(DATA)

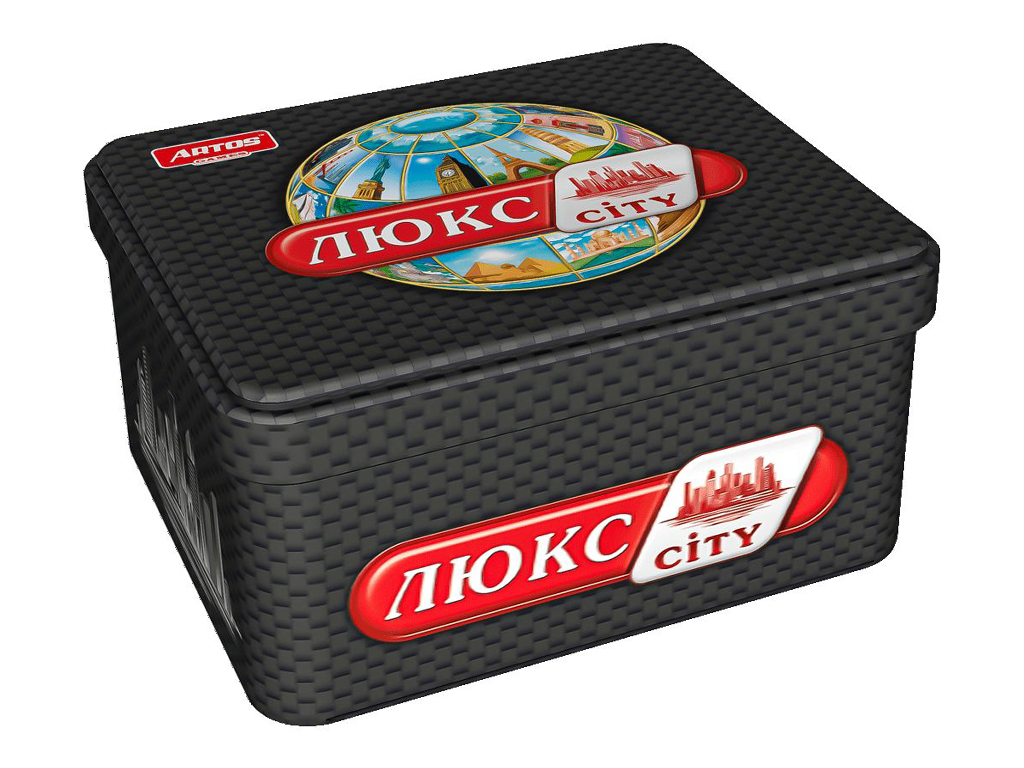 Настільна гра Люкс.CITY. Artos Games 4820130621199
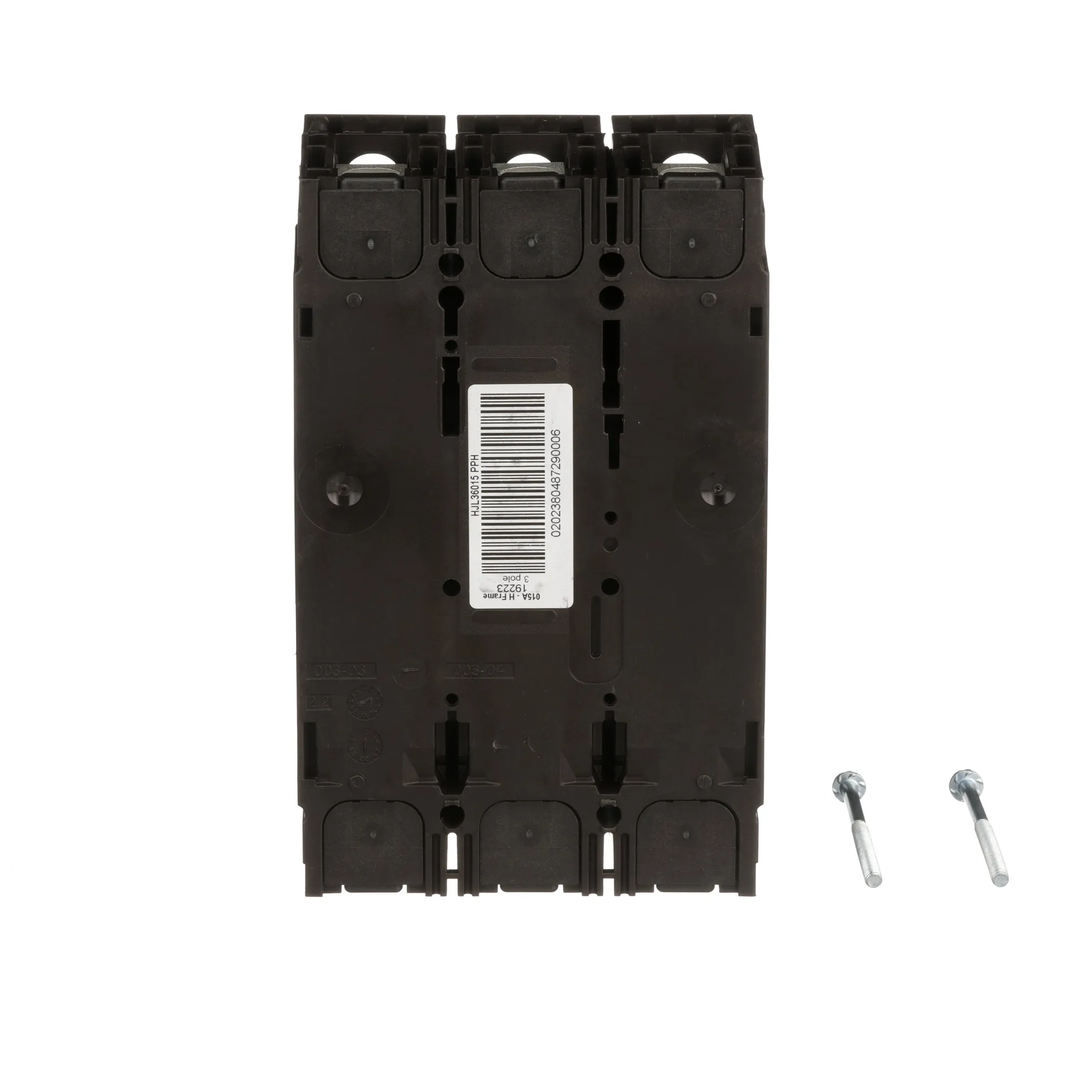 Square D HJL36015 - Molded Case Circuit Breaker 15A 600V 3P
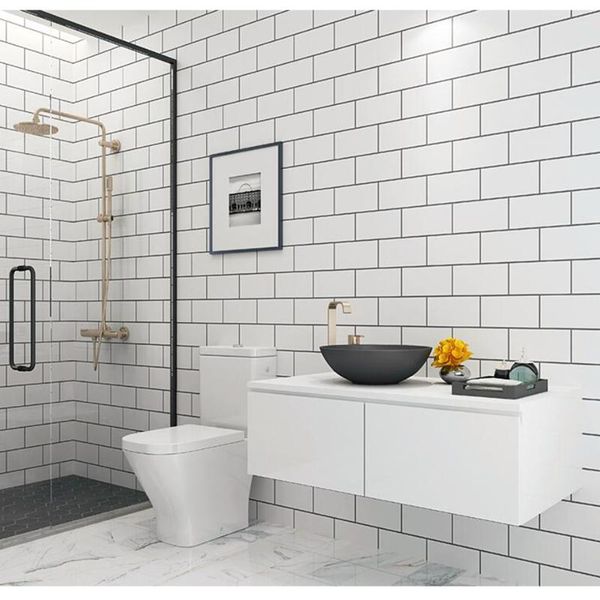 wallpapers waterproof diy pvc self adhesive wallpaper for kitchen backsplash tile bathroom living room bedroom home decor wall paper
wallpapers waterproof diy pvc self adhesive wallpaper for kitchen backsplash tile bathroom living room bedroom home decor wall paper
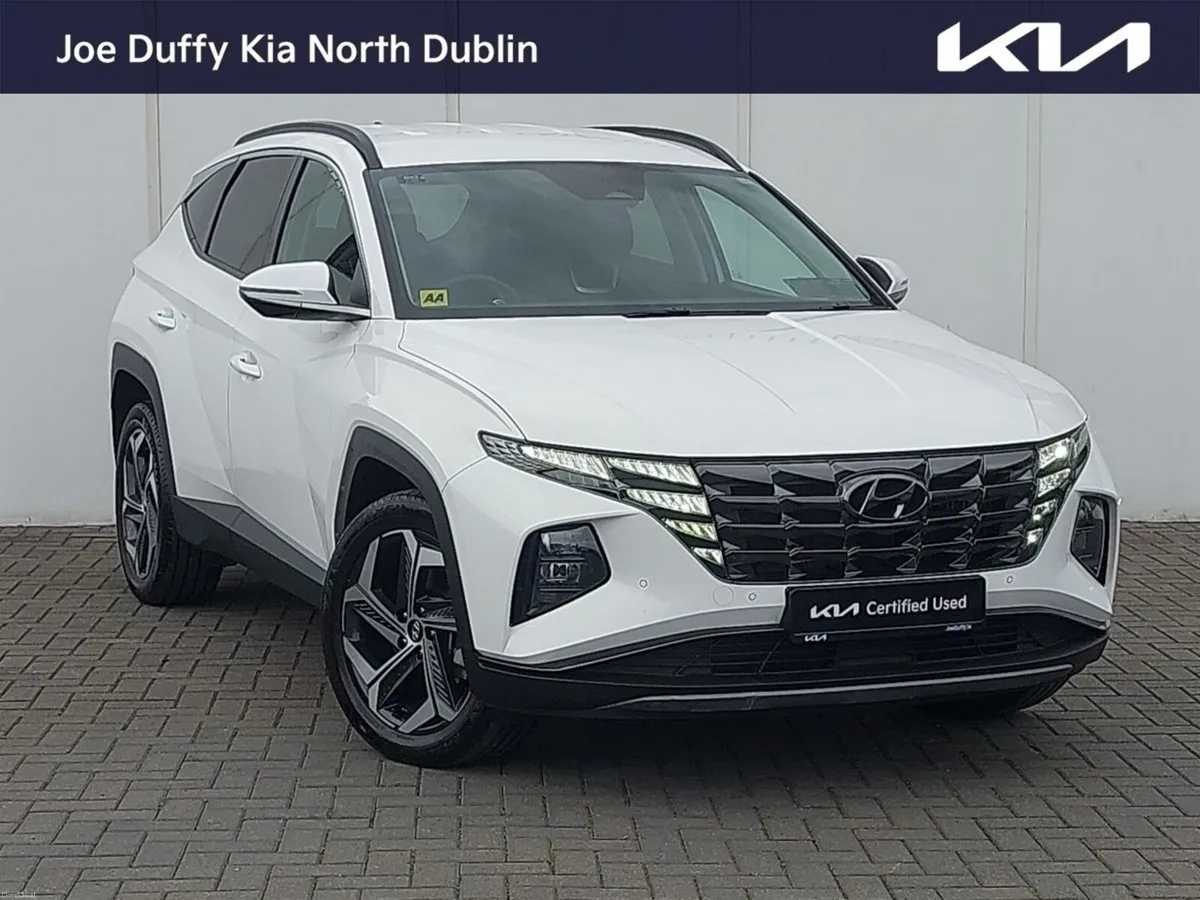 Hyundai Tucson 2WD Executive Plus HEV STG Auto - Image 1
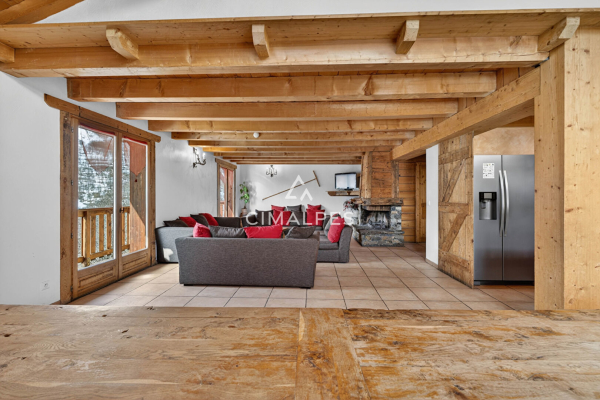 Maison de luxe à vendre à Saint-Martin-de-Belleville, 1 715 000 €, Photo 4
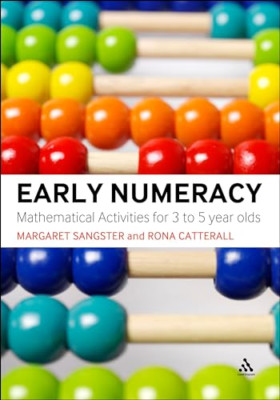 Early Numeracy: Mathematics Activities for 3-5 Year Old - Paperback NEW Sangster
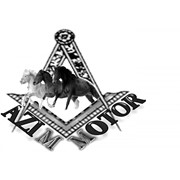 Логотип компании Azimmotor, OOO (Той-Тепа)
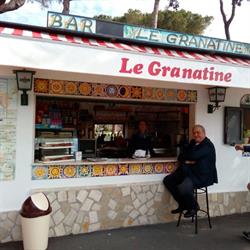 Panfili Mauro Bar Le Granatine, Orbetello orari di apertura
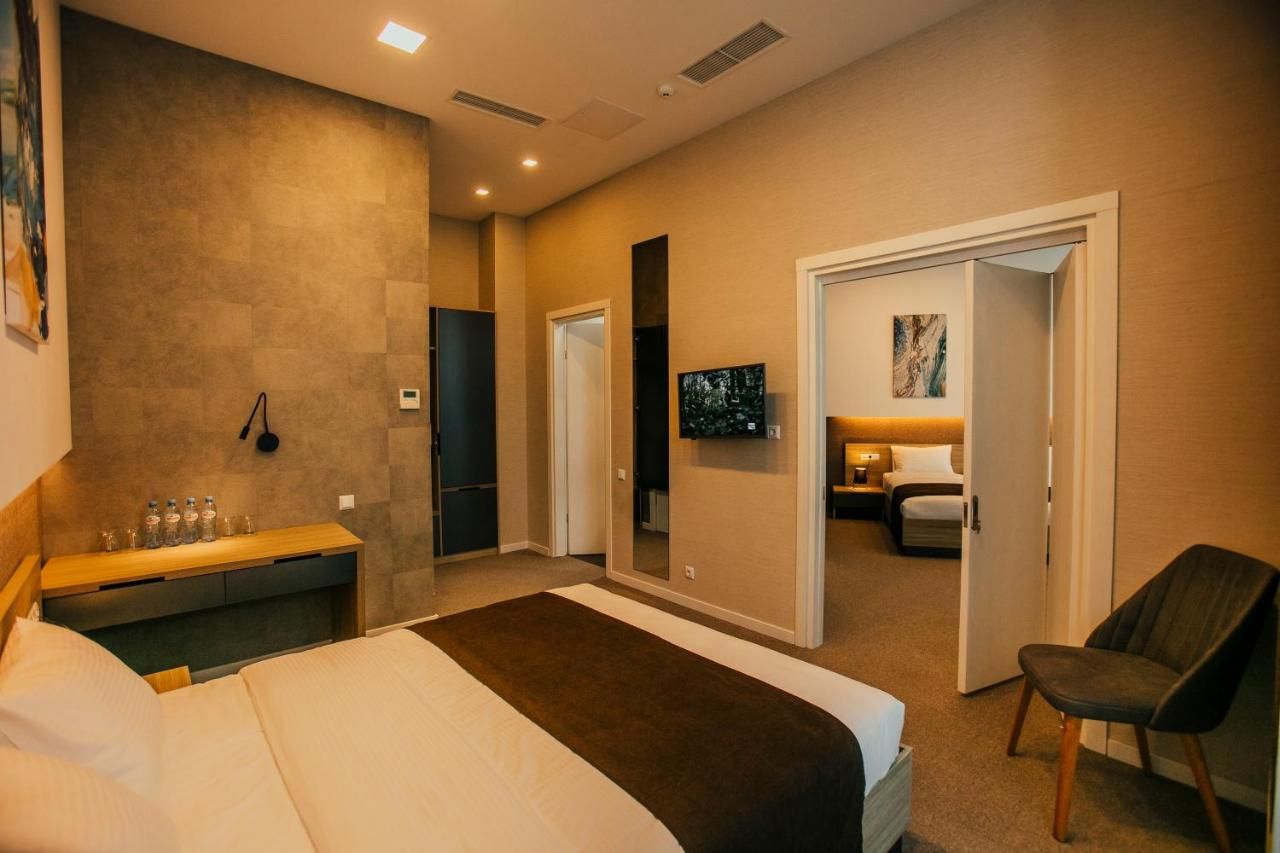 Отель, гостиница в Батуми, Грузия, 960 м² - фото 5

(End DATA)

_EXERCISE:_
Repeat the listing in full and exactly. Do not include any images.

_RESULT BELOW:_
 Настільна гра Люкс.CITY. Artos Games 4820130621199
 Square D HJL36015 - Molded Case Circuit Breaker 15A 600V 3P
 wallpapers waterproof diy pvc self adhesive wallpaper for kitchen backsplash tile bathroom living room bedroom home decor wall paper
wallpapers waterproof diy pvc self adhesive wallpaper for kitchen backsplash tile bathroom living room bedroom home decor wall paper
 Hyundai Tucson 2WD Executive Plus HEV STG Auto - Image 1
 Maison de luxe à vendre à Saint-Martin-de-Belleville, 1 715 000 €, Photo 4
 Early Numeracy: Mathematics Activities for 3-5 Year Old - Paperback NEW Sangster
 Логотип компании Azimmotor, OOO (Той-Тепа)
 Panfili Mauro Bar Le Granatine, Orbetello orari di apertura
 Отель, гостиница в Батуми, Грузия, 960 м² - фото 5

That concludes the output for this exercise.